# Goldens in the Park 2014 San Luis Obispo



## Max's Dad

Yes! We are going, also. The event is on July 6, 2014 at Laguna Lake Park in San Luis Obispo. Last year we were there with Gwen and several other GRF members. It was a lot of fun, with upwards of 300 Golden Retrievers all in one place. 

There are several dog friendly motels nearby, plus a very nice dog beach is only a few miles away. Here are a couple of photos of some of the activity from last year.


----------



## Max's Dad

Bumping this up!


----------



## Cookie's Mom

Wow! Looks like so much fun. Too bad Oatmeal and I live on the East Coast- we are so jealous!


----------



## Claire's Friend

We will be there, working a Morris Booth and with Team TriPod !!


----------



## Rookie's Dad

We are coming and looking forward to a sea of GOLD, unfortunately Rookie won't be there. But Claire's Friend say's, "Who knows, you might go home with a new Gotcha!"


----------



## Claire's Friend

Can wait to meet you all. Just look for the Super Heroes !!


----------



## CAROLINA MOM

This looks like so much fun, sure wish I lived on the West Coast.

Hope those of you that attend will share lots of pictures for us to see.


----------



## dborgers

Looks like a load of fun with all that gold! I'll be looking forward to pictures pictures and more pictures


----------



## CAROLINA MOM

Max's Dad said:


> Yes! We are going, also. The event is on July 6, 2014 at Laguna Lake Park in San Luis Obispo. Last year we were there with Gwen and several other GRF members. It was a lot of fun, with upwards of 300 Golden Retrievers all in one place.
> 
> There are several dog friendly motels nearby, plus a very nice dog beach is only a few miles away. Here are a couple of photos of some of the activity from last year.


This is just around the corner CA folks, mark your calendars so you don't miss out on this GReat Event!

I'm so jealous............


----------



## Max's Dad

Bump!! This event is a week from this Sunday!


----------



## dezymond

Wow July is coming up fast.

Definitely debating going to this event, looks like a blast. 3hr drive though, so still on the fence about it.


----------



## Brave

I want to go, but am still on the fence. It's a 5.5 hour drive for me, which means long hours on the road, late coming home and it's on a Sunday so no room for sleeping in the next day. 

Bear would love to see everyone (and me too!!)

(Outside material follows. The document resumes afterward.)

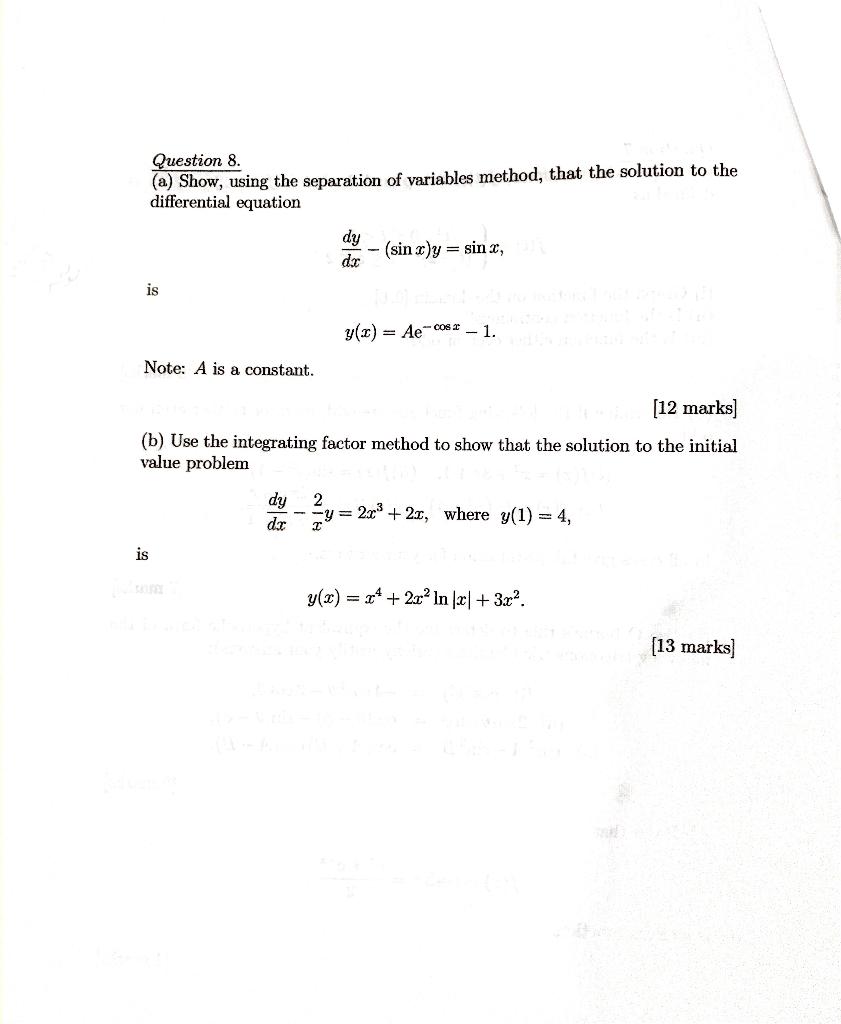Solved Question 10. (a) Using the Improved Euler method | Chegg.com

Sent from Petguide.com Free App


----------



## Max's Dad

It is a long drive. About 290 miles for us. Last year we drove up on Saturday, booked a motel room, and drove back Monday after a stop at the dog beach. There are at least two dog friendly motels on Madonna Road, less than a mile from the event--a Vagabond and a Best Western. I can tell you that the rate is much less Sunday night than Saturday night if you opt to stay just one night and avoid a lot of driving in one day.


----------



## Gwen_Dandridge

Anyone else coming? We're organizing the food now. If you are joining us, speak up! :wave:


----------



## Rookie's Dad

Bad news, I have a family emergency, I have to fly to Mich. on Tues., oneway ticket, so I don't know how long I'll be gone. Kitty is thinking about coming by herself, and hooking up with Dan & Pam (Harlie2Ginger) in Atascadero, she (we) are really looking forward to meeting Dona, the foster, and all the Forum folks. It's going to be a rough week.


----------



## Max's Dad

Sorry to hear you are not going to make it. Have a safe trip.


----------



## CAROLINA MOM

Rookie's Dad said:


> Bad news, I have a family emergency, I have to fly to Mich. on Tues., oneway ticket, so I don't know how long I'll be gone. Kitty is thinking about coming by herself, and hooking up with Dan & Pam (Harlie2Ginger) in Atascadero, she (we) are really looking forward to meeting Dona, the foster, and all the Forum folks. It's going to be a rough week.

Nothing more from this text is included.